In an effort to capture the attention of the tween market, Element 79 Partners in Chicago recently debuted “Big Head,” a :30 spot that finds the oversized noggins of professional athletes Derek Jeter, Peyton Manning, Kevin Garnett, Dwyane Wade and Jennie Finch attached to the bodies of a group of rambunctious kids at play.
The work of an Element 79 Partners creative team made up of creative director Jon Flannery, copywriter Jim Paul and art director Max Stinson, “Big Head” is fun and lighthearted, and the big-headed athletes with their little bodies and high-pitched voices are cute, endearing even.
Flannery is happy to hear that assessment. The agency was going for a charming, playful vibe, although this spot could have just as easily turned creepy with the players looking like bobblehead dolls or aliens if not executed just right. “We were definitely afraid of that happening,” Element 79 Partners producer Tom Cronin acknowledged with a laugh.
Therefore, great care went into selecting a director, and Dante Ariola of bicoastal/international MJZ won the job, which marked his first collaboration with the agency.
Why Ariola? “When everybody here [at the agency] met as a group, we said, ‘We really want to find somebody who is going to think of this in a smart way,’ ” Cronin shared. “And Dante’s reel represented tremendous thinking on his part.”
Once the agency began talking to the director, “He didn’t come out and say, ‘This is how it should be done,’ ” Flannery noted. “He wanted to talk at length with a lot of different people about how to best do this.”

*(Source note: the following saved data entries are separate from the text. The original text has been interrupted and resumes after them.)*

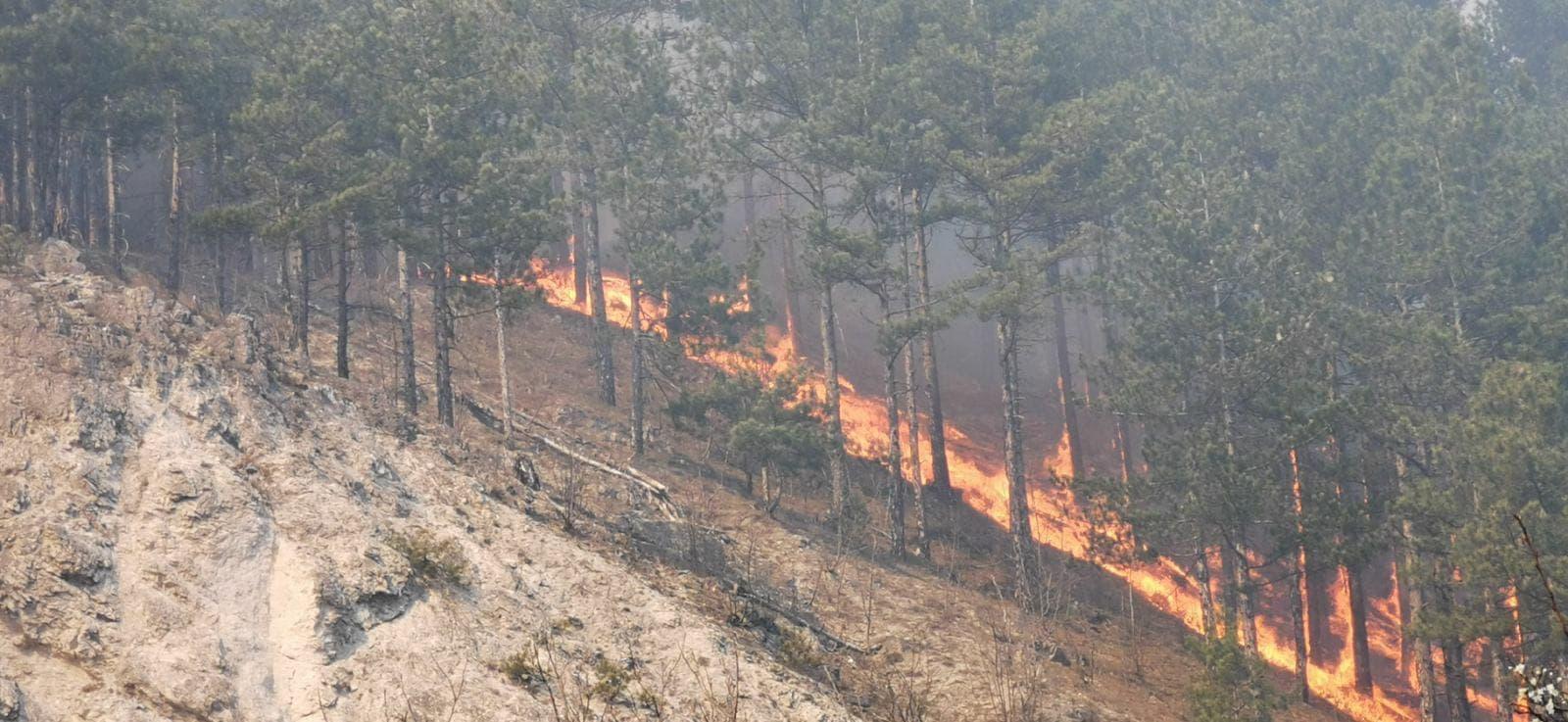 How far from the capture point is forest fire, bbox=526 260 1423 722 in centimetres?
3280

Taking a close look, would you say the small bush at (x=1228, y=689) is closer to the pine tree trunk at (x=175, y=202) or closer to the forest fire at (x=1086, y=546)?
the forest fire at (x=1086, y=546)

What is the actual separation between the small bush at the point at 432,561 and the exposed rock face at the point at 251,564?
0.15 ft

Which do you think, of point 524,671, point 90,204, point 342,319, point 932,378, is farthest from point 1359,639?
point 90,204

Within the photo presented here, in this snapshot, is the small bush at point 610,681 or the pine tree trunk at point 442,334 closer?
the small bush at point 610,681

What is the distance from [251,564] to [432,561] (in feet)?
8.63

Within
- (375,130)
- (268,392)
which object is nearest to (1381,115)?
(375,130)

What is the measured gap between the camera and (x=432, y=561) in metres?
20.2

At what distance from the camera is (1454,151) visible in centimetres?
3069

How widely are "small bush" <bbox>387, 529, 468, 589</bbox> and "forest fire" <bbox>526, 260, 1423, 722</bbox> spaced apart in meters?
9.69

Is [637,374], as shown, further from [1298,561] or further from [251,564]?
[1298,561]

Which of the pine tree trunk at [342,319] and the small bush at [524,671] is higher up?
the pine tree trunk at [342,319]

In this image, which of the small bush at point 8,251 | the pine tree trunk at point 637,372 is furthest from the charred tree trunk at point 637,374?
the small bush at point 8,251

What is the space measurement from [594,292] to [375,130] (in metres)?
A: 10.1

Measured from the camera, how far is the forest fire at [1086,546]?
1291 inches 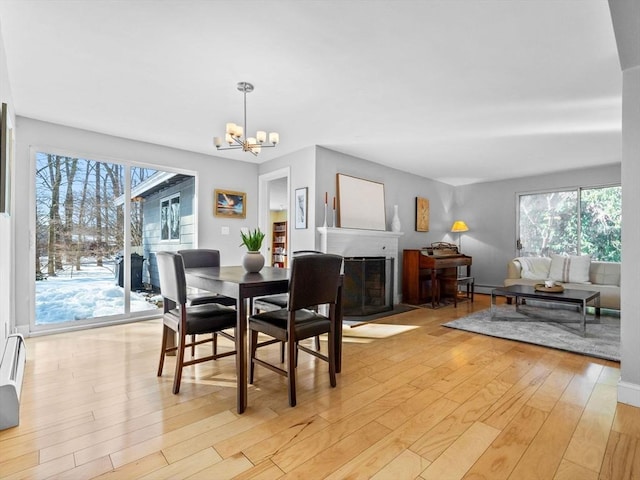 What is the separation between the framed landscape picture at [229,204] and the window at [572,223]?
206 inches

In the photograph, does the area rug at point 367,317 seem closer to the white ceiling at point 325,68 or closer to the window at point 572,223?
the white ceiling at point 325,68

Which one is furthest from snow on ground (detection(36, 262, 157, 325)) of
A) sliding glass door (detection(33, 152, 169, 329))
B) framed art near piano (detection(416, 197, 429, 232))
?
framed art near piano (detection(416, 197, 429, 232))

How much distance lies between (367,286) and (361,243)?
0.62 metres

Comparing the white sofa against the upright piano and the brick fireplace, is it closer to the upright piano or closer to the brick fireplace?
the upright piano

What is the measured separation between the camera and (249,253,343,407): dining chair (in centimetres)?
206

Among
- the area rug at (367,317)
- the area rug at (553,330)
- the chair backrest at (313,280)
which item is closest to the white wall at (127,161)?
the area rug at (367,317)

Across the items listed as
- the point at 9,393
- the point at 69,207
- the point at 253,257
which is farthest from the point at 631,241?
the point at 69,207

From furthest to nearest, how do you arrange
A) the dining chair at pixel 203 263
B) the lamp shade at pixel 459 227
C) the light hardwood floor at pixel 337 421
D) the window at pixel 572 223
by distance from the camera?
the lamp shade at pixel 459 227
the window at pixel 572 223
the dining chair at pixel 203 263
the light hardwood floor at pixel 337 421

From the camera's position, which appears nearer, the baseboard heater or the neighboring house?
the baseboard heater

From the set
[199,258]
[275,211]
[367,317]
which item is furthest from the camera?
[275,211]

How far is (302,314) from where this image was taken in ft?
7.97

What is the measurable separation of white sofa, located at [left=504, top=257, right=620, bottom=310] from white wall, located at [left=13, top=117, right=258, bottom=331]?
4.43m

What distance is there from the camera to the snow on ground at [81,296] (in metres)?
3.68

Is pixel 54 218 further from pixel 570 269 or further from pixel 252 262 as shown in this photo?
pixel 570 269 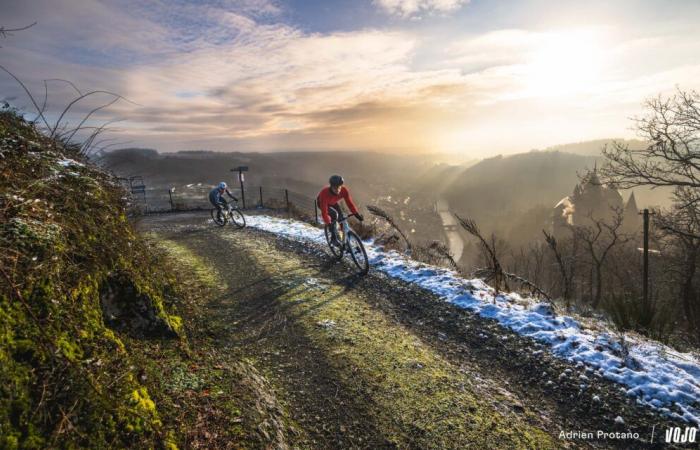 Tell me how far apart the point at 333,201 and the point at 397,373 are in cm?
593

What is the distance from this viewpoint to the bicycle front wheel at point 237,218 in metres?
16.1

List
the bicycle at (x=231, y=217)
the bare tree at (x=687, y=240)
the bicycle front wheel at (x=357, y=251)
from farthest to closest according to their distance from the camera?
the bicycle at (x=231, y=217), the bare tree at (x=687, y=240), the bicycle front wheel at (x=357, y=251)

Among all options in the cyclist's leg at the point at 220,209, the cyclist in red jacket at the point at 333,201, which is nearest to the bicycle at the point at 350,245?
the cyclist in red jacket at the point at 333,201

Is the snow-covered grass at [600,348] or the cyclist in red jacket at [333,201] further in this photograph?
the cyclist in red jacket at [333,201]

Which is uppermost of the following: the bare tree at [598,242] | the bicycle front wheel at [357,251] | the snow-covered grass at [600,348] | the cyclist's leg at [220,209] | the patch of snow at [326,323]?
the cyclist's leg at [220,209]

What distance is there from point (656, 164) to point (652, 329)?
40.2 ft

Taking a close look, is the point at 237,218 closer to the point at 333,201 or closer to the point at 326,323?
the point at 333,201

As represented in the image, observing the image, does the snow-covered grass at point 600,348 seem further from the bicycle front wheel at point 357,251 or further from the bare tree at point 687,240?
the bare tree at point 687,240

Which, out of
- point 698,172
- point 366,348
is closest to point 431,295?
point 366,348

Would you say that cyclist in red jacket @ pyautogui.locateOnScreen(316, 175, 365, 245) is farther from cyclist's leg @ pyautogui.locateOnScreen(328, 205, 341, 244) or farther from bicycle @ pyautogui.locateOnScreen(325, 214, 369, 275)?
bicycle @ pyautogui.locateOnScreen(325, 214, 369, 275)

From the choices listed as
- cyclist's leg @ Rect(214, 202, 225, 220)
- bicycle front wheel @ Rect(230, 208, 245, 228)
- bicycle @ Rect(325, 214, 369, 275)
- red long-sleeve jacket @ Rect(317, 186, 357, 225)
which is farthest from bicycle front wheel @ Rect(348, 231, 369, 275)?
cyclist's leg @ Rect(214, 202, 225, 220)

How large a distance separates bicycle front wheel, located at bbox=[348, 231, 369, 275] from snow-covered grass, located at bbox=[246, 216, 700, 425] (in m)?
1.18

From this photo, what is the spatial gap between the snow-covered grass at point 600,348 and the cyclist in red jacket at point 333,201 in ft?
8.59

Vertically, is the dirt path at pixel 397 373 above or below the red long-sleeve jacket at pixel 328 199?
below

Ariola ultimately teamed with Asylum in Santa Monica, Calif.. He has enjoyed successful collaborations with the visual effects shop before–the fruits of their labor include the Juicy Fruit “Ant” spot out Chicago’s Energy BBDO, a former SHOOT Top Spot of the Week.
WRAP YOUR HEAD AROUND THIS When Mitch Drain, VFX supervisor at Asylum, saw the boards for “Big Head,” he recalled thinking that the task looked “incredibly difficult. I hadn’t really seen anything quite like it done before.” While there were various options, including the creation of CG heads and the use of masks, it was decided that it was best to go the real route, shooting the athletes for real and the kids for real and melding the two together.
An approach carefully worked out, Ariola and DP Toby Irwin, with Drain on location to advise them, began the process by shooting footage of a group of children playing on the front lawn of a suburban home in South Pasadena, Calif.
To get the framing perfect, the kids were fitted with a prop head forty percent larger than an adult head, and camera lineup was done. “Once we had our camera lineup, we took that off and let the kids perform,” Drain says.
The kids performed their moves wearing beanies with tracking markers on them; they also had tracking markers on their faces.
Once the footage of the kids was in the can, the crew traveled to Minnesota and Miami to shoot the athletes. Essentially, the athletes stood in front of a green screen and mimicked the action of the kids, which was shown to them via a monitor placed next to the camera. Thanks to quick test composites done right on set, Ariola and Drain were able to see which takes worked best.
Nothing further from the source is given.